Sidi Larbi Cherkaoui / Damien Jalet / Antony Gormley
A Sadler's Wells Co-Production; part of the Dash Arabic Series
The final instalment to a promised triptych, which opened with Foi (2003) and then Myth (2006), has been long awaited from dancer choreographer Sidi Larbi Cherkaoui, and it's been worth the wait. Babel (words) is remarkable.
The music is divine - Japanese taiko drums, bamboo flute, kokyu violin, Asian sounds and Renaissance songs - the musicians and singers exceptional, and the dance performers of every shape, size and technique have boundless energy and stamina, each playing to his or her individual strengths.
"Sidi Larbi Cherkaoui & Damien Jalet join forces with British visual artist Antony Gormley to create Babel (words), a dance performance that explores language and its relationship with nationhood, identity and religion." So says the promo literature, but it is so much more than that serious sum of its constituent parts.
Epic, warm, human, and humorous, it is sensational - verbal and visual, physical and metaphysical, profound and silly, down-to-earth and yet spiritual. Philosophy combined with breakneck movement. A shifting technical drawing blueprint and a non-stop 100 minutes of dynamic high-octane dance and performance from an international cast of thirteen dancer performers from all corners of the globe and five musicians from India, Japan and Italy. Music, movement and complex choreographic language speak for them all. The Tower of Babel is reversed.
In the beginning was the gesture. We copied the gesture, and we empathized. Then came the confusion, division and conflicts. But Cherkaoui and Jalet show with their distinctive and ever increasing movement vocabulary that we long to be united. Rhythm is universal - it is the uniting beat of humanity. We are the same beneath the skin and behind the language divide. Though, of course, the English language - there is a funny statistical riff on its global influence - is dominant…
Antony Gormley's five massive three-dimensional modular lightweight aluminium frames (his best collaborative contribution yet) define and redefine the architectural space and perspective in seemingly infinite geometric permutations. Giant complex transparent building blocks without side panels, their shadows on the walls tracing Corbusier architectural plans, stack, spin, intersect, confine some, whilst another man walks right through the imaginary walls. They frame kinetic tableaux and corral the performers. They are Tatlin's Tower… they are the Empire State Building... Adam Carrée's lighting is integral to the overall design.

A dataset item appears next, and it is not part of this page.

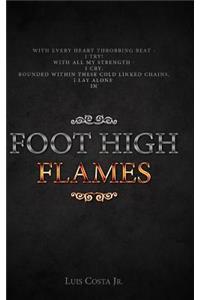 Foot High Flames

They are building blocks that change with people's intent and experience. A passport control security tunnel provides comment and comedy when a robotic female controller - surely from Lang's Metropolis - programmed to speak every language - overheats and runs out of control. We recognize that well enough. They are what we make them. The dancers positively skip with them.
We recognize many situations. The rivalry and the togetherness, the group slo-mo fight (in a boxing ring) to religious song (Patrizia Bovi and Christine Leboutte), the Indian Kama Sutra love duets, the Godzilla creature made of six dancers that mows everything down in its path and then turns into a throne (American Imperialism).
The smooth-talking French guy who regresses into a grunting caveman when he sees the robot sex doll in black PVC trousers and thigh boots. Forward to the past, or back to the future? The shadows of our ancestors? Ulrika Kinn Svensson is in a league of her own as the replicant, the robot who signs beautifully. She opens proceedings, dominates, and ends them. The deus ex machina… Dramaturg Lou Cope must take some of the credit, too.
Transcending linguistic, cultural, political, physical divides and every -ism, the gentle Cherkaoui, with co-choreographer Damien Jalet and sculptor Antony Gormely, has created a masterpiece. Sadly, Babel is visiting Sadler's Wells for only two nights, then the tour continues in Europe till January of next year. I hope Sadler's Wells bring it back for a longer stay. By which time I'm sure it will have grown and evolved, maybe tightened up a little for greater impact.
What divides us can unite us. And the evening proves it. The audience is on its feet at the end. A stunning polemic of wit and wisdom - a mélange of serious content and daring stage pictures, modern technology, neuroscience and evolutionary debate. A positive collaboration in the best sense, and we feel all the better for being part of it.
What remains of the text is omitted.